172. Now let us suggest that your mind is represented by all
vehicles with two doors. This also
gives you the vast variety of travel, parking, repair, location, direction,
speed, etc. But it will be obvious to you that some two door automobiles are also red.
173. This then is the basis of multi-dimensional communication.
Each of us has our distinct identifying characteristics, but both of us have
certain channels that follow exactly the same networks.
174. We may limit our vision and see ourselves figuratively
as only red cars, or only two-doors; or we may expand ourselves infinitely and
recognize that we network with each other and with those also who have
4-cylinder engines, or air-conditioning, or round wheels.
175. When we tune in with another person and begin to expand
our own networks into theirs, we both begin to discover things about ourselves
that we did not know. In the knowledge of those things, we gain a reservoir of
power that exceeds not only either of our individual abilities, but which
exceeds the sum of our individual abilities.
176. Hierarchical social structures are by definition degrading. A person cannot be elevated above his or
her co-inhabitants. He or she may only hope to degrade others into his/her
service.
177. For an entity in a hierarchical system to reverse his
or her degradation, he or she need only exceed the expectations. If I am paid
to do job A, then doing job A is my debt for what I am paid. I am forever owing
the labor for job A to my employer for his/her beneficence toward me. If,
however, I do both job A and job B, but am paid only for job A, my employer is
indebted to me. I am no longer hierarchically degraded.
178. A savior once said, “He who would force you to walk one
mile with him, walk with him two.”
179. Hierarchical systems are innately male-based.

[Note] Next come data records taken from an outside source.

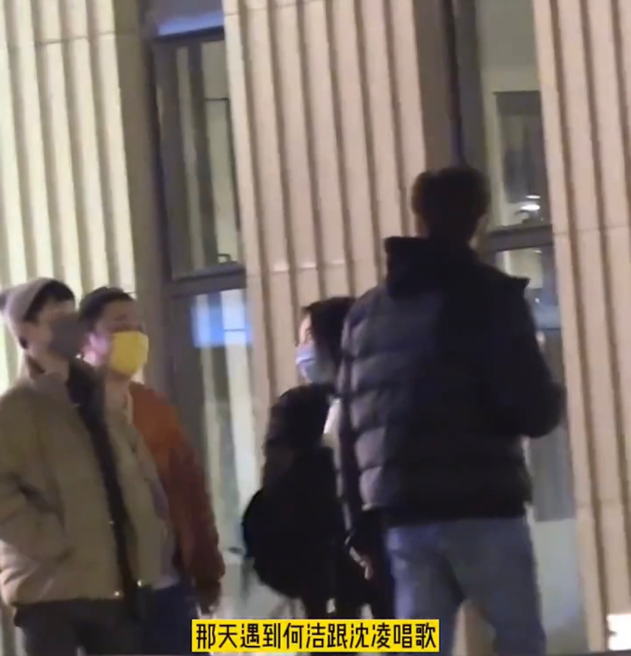 35岁何洁现身商演，减肥有效脸瘦一圈，养3娃不容易大冬天穿短裙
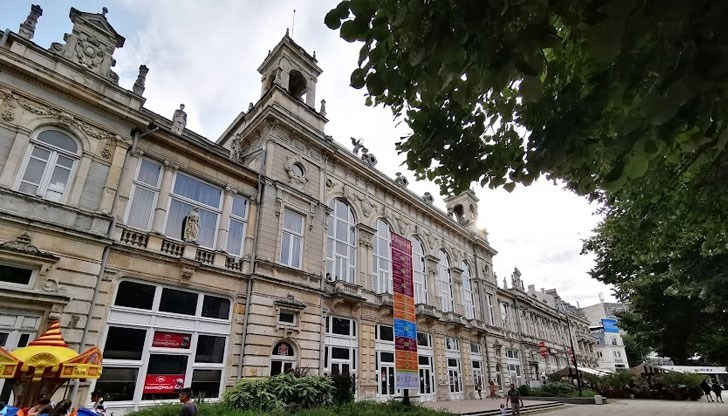 Билетите - онлайн през платформата Entase и на касите в Доходното здание Билетите - онлайн през платформата Entase и на касите в Доходното здание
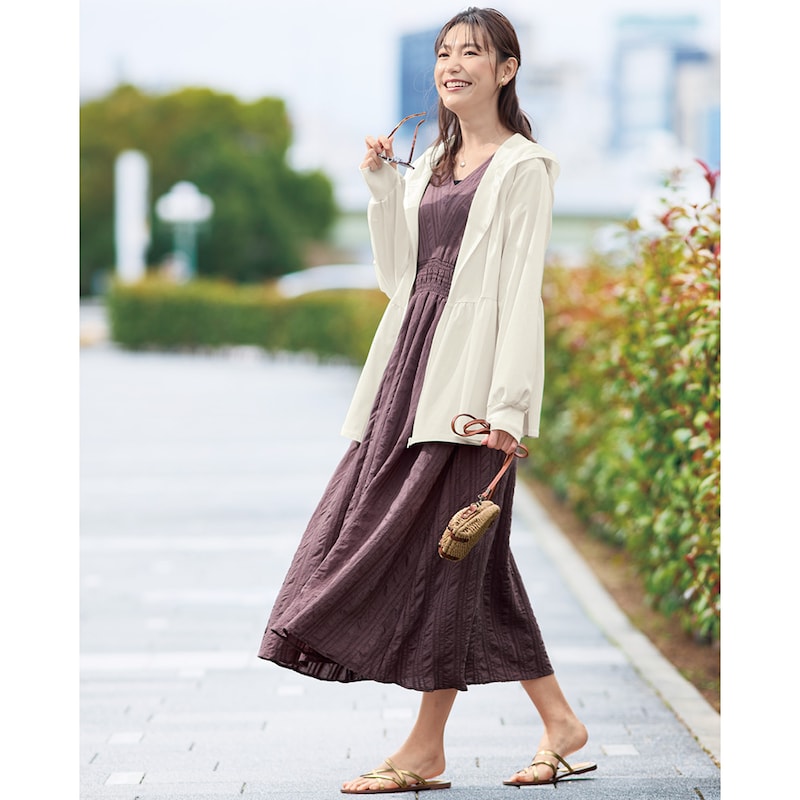 カジュアルにもきれいめにも合わせやすく毎日活躍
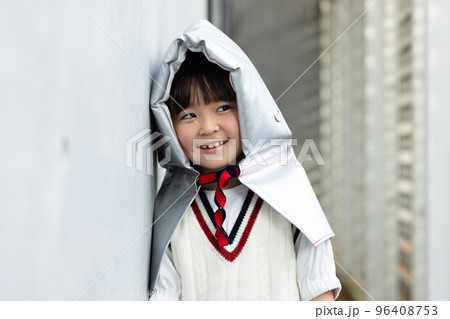防災頭巾をかぶる小学生 防災頭巾をかぶる小学生 96408753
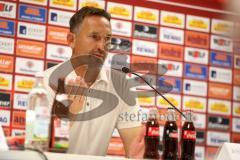 2. Bundesliga - Fußball - SV Jahn Regensburg - FC Ingolstadt 04 - Pressekonferenz nach dem Spiel 1:2, Cheftrainer Achim Beierlorzer (Jahn)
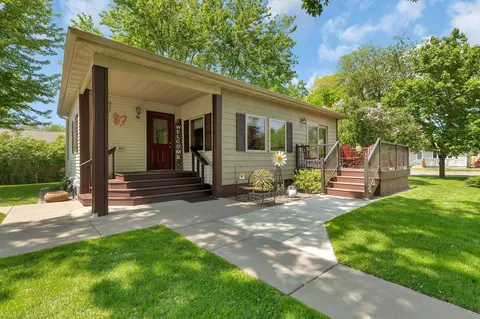 612 Florence Ave, Little Falls, MN 56345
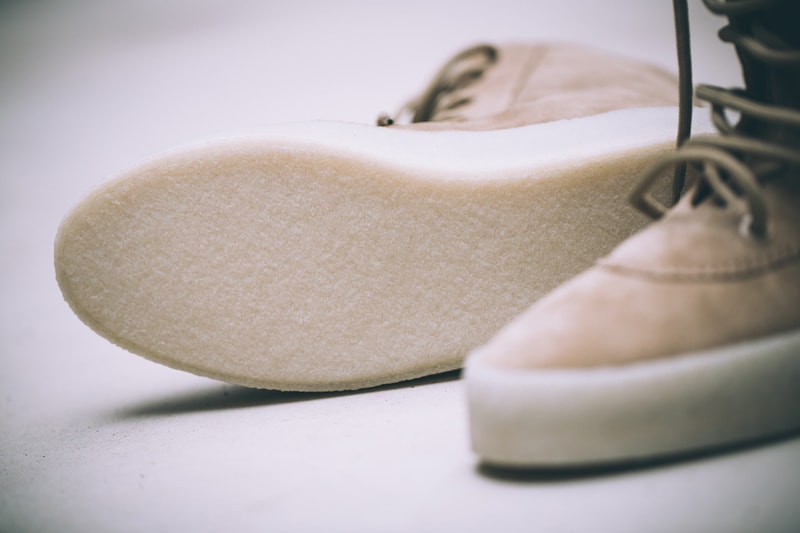 近賞 Yeezy Season 2 自家靴款設計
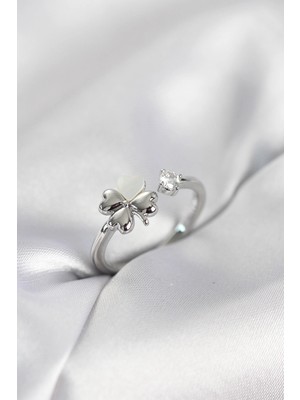 Uravas Store Gümüş Renk Yonca Model Sedefli Kadın Yüzük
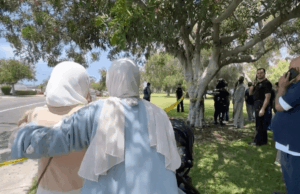 Dois adolescentes armados matam três na mesquita de San Diego por suspeita de crime de ódio Dois adolescentes armados matam três na mesquita de San Diego por suspeita de crime de ódio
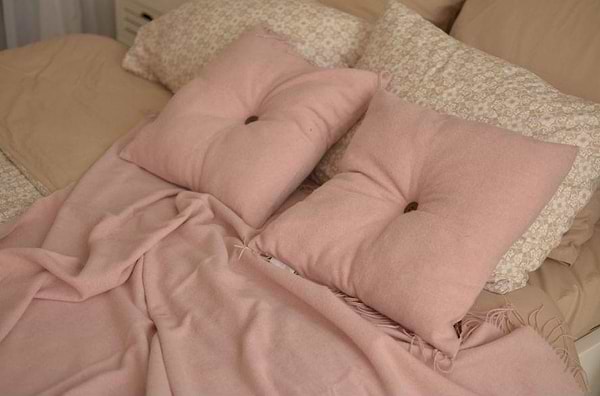 Фото - Подушка декоративна Прованс DIJON powder з ґудзиком 45х45 см (011249)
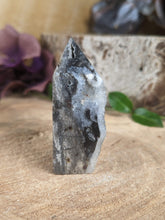 Load image into Gallery viewer, Mini Druzy Agate Tower
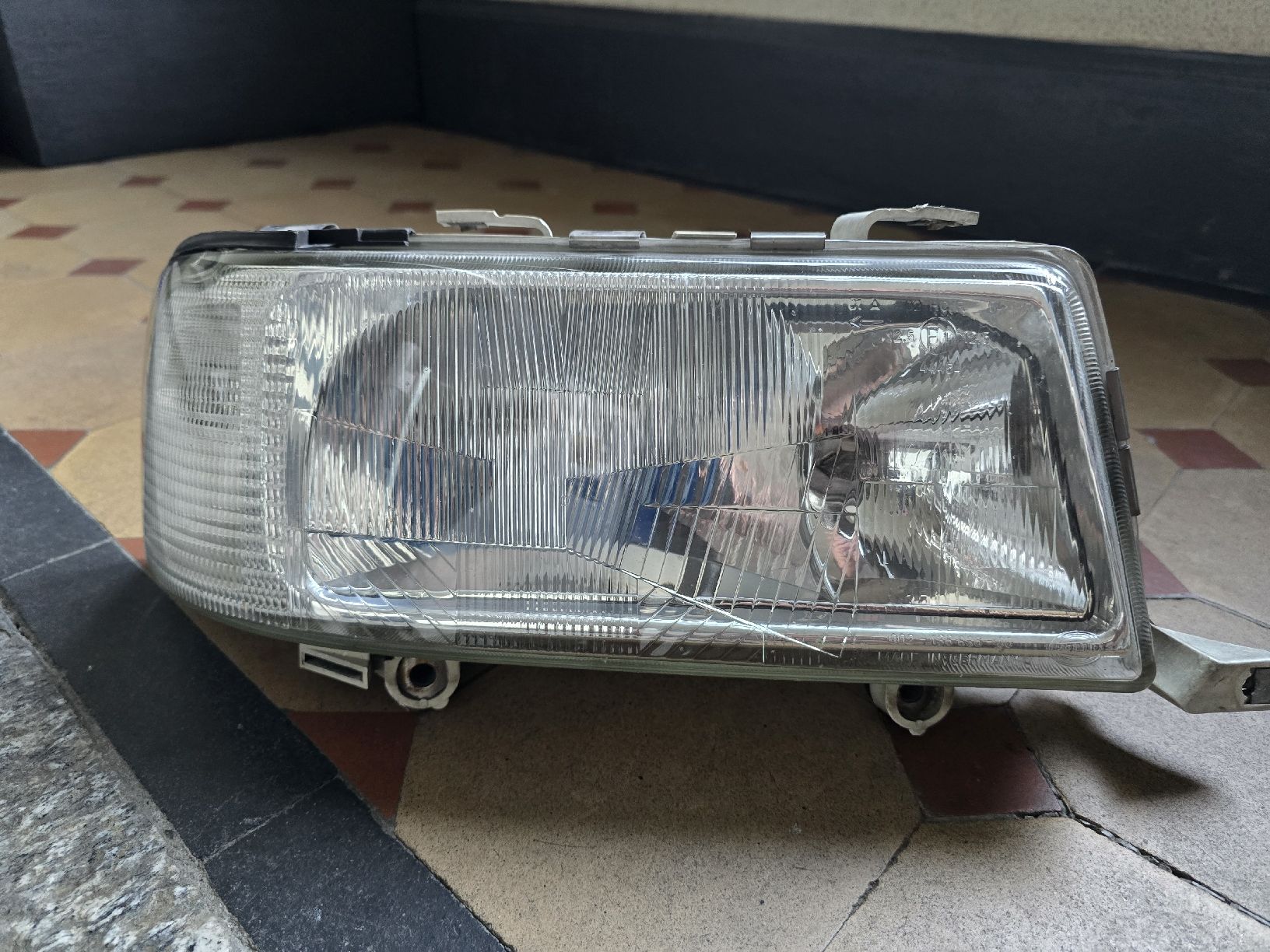 Audi Fari: Audi 80 Avant Scheinwerfer – Usato da Zürich venduto da Nitro81 2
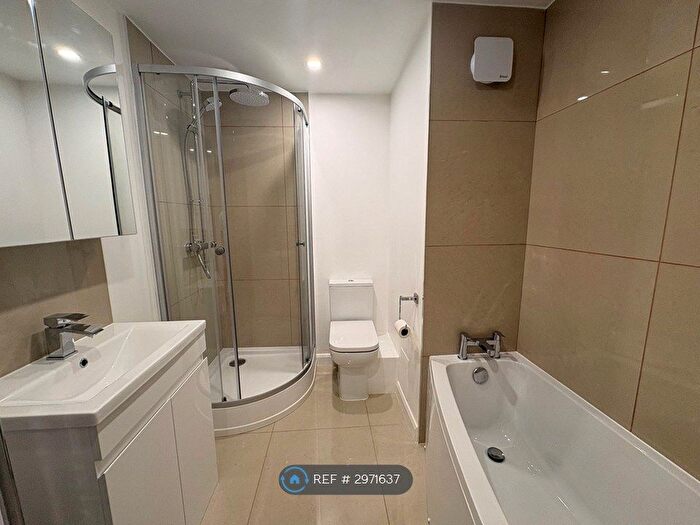 2 Bedroom Flat To Rent In Basinghall Gardens, Sutton, SM2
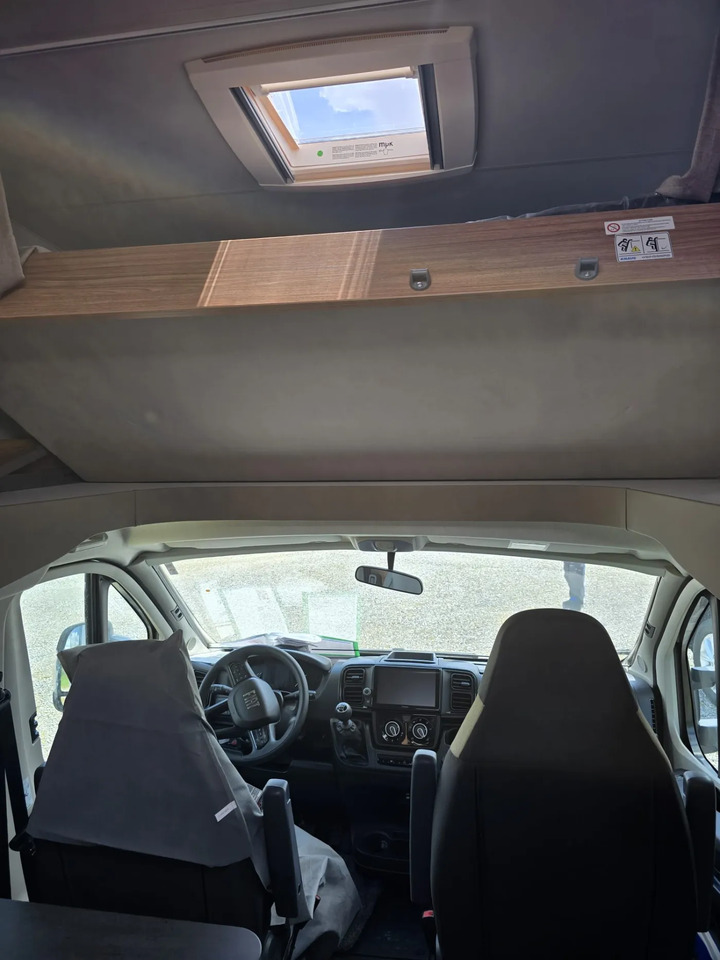 Weinsberg CaraHome 550 MG Aufbauklima., Markise, AHK - Alcove motorhome: picture 5 Weinsberg CaraHome 550 MG Aufbauklima., Markise, AHK - Alcove motorhome: picture 5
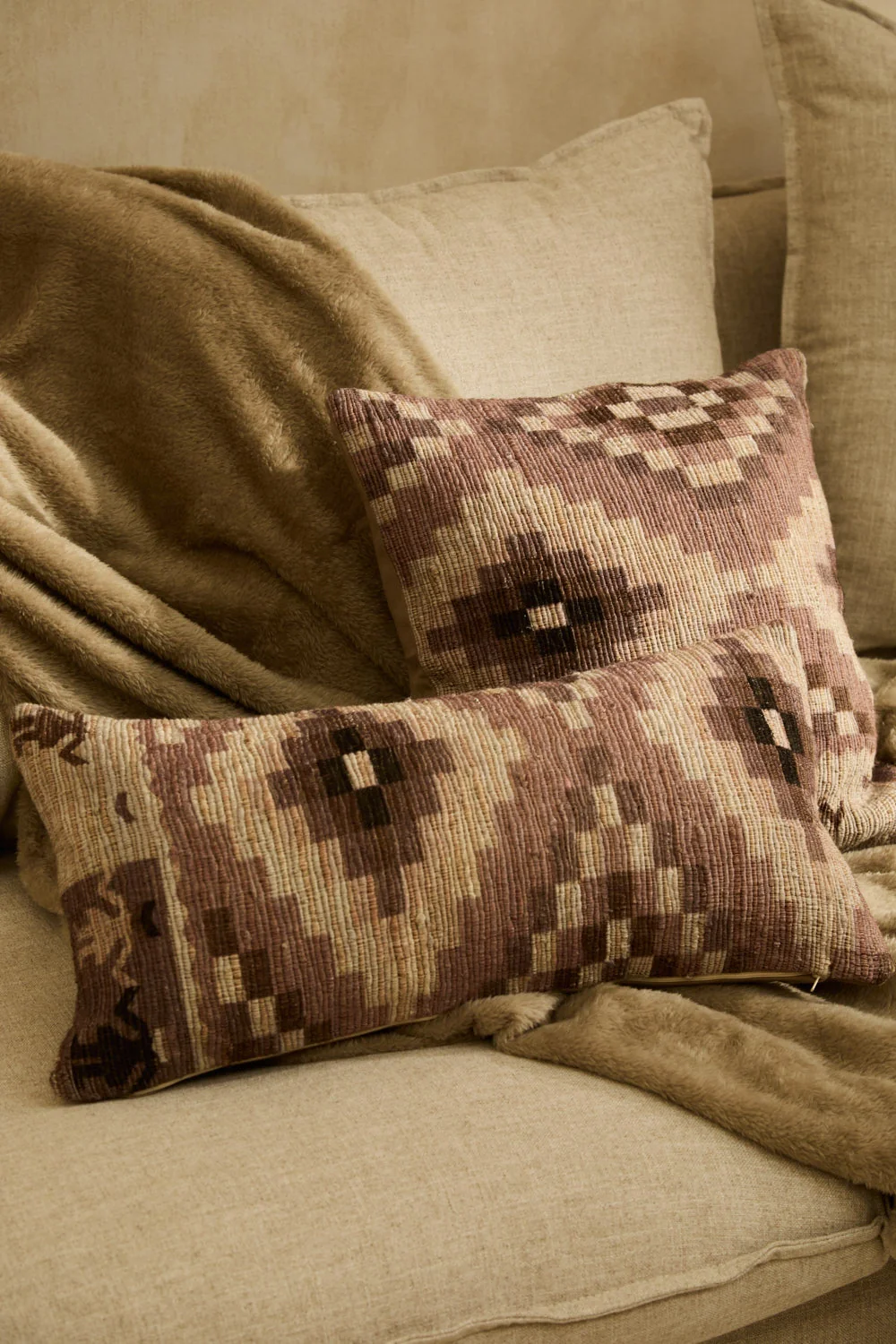 Funda de cojín cuadrada de algodón trenzado en tonos piedra Zulu - Image 4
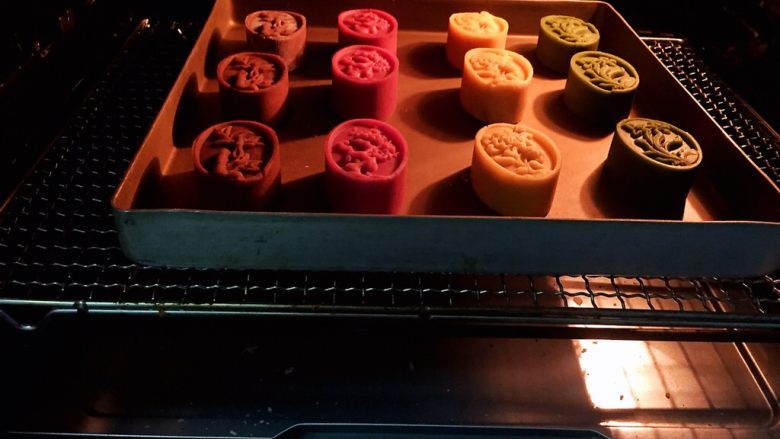 自制桃山皮月饼,月饼表面喷少许水,预热好烤箱,中层170~180度,烤10分钟即可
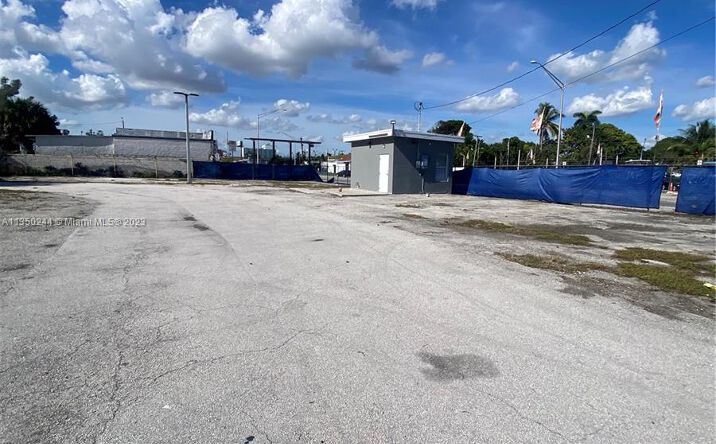 Pictures of Land, Industrial property located at 300 NW 79th St, Miami, FL 33150 for sales - image #1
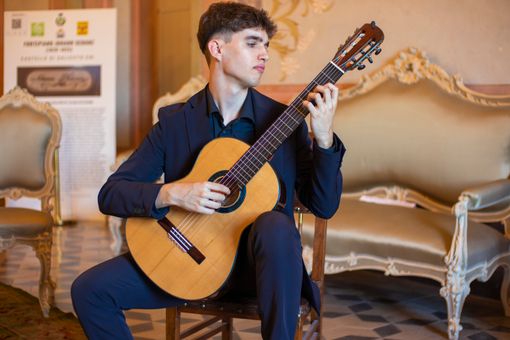 Rassegna internazionale di Concerti “Musicaè", omaggio alla chitarra di un giovane prodigio Rassegna internazionale di Concerti “Musicaè", omaggio alla chitarra di un giovane prodigio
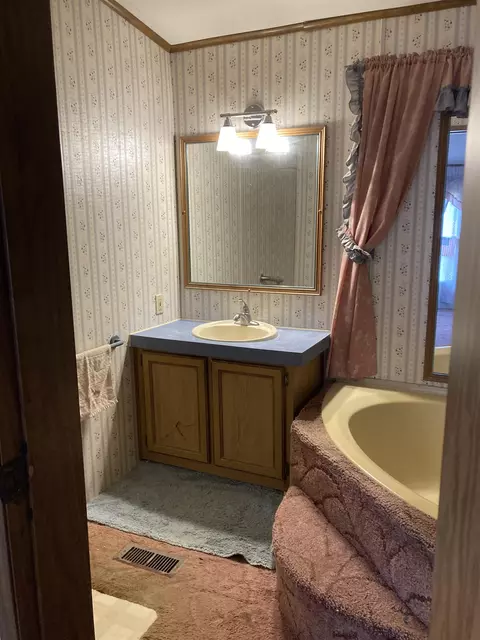 Bath - 542 Silver, Gladwin, MI 48624 photo 2 of 2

180. When a person has become so transparently honest and
undisguised (147) that they cannot believe that anything they say can be
untrue, whatever they say must be or become truth. If I am at the point of
honesty at which I determinedly (or better, naturally) speak only the truth,
whatever I say is governed by truthfulness. Even if I say the table is floating
three inches above the ground, because I speak only truth, it must float three inches above the
ground.
Editor’s Note: Wesley recognizes that there is a difference
between a person who routinely deceives himself or is mentally ill believing
what he says and a person who only ever speaks the truth. Believing your own
lies may be a future topic that Wesley comes back to, but in this case he is
strictly referring to the transparently honest.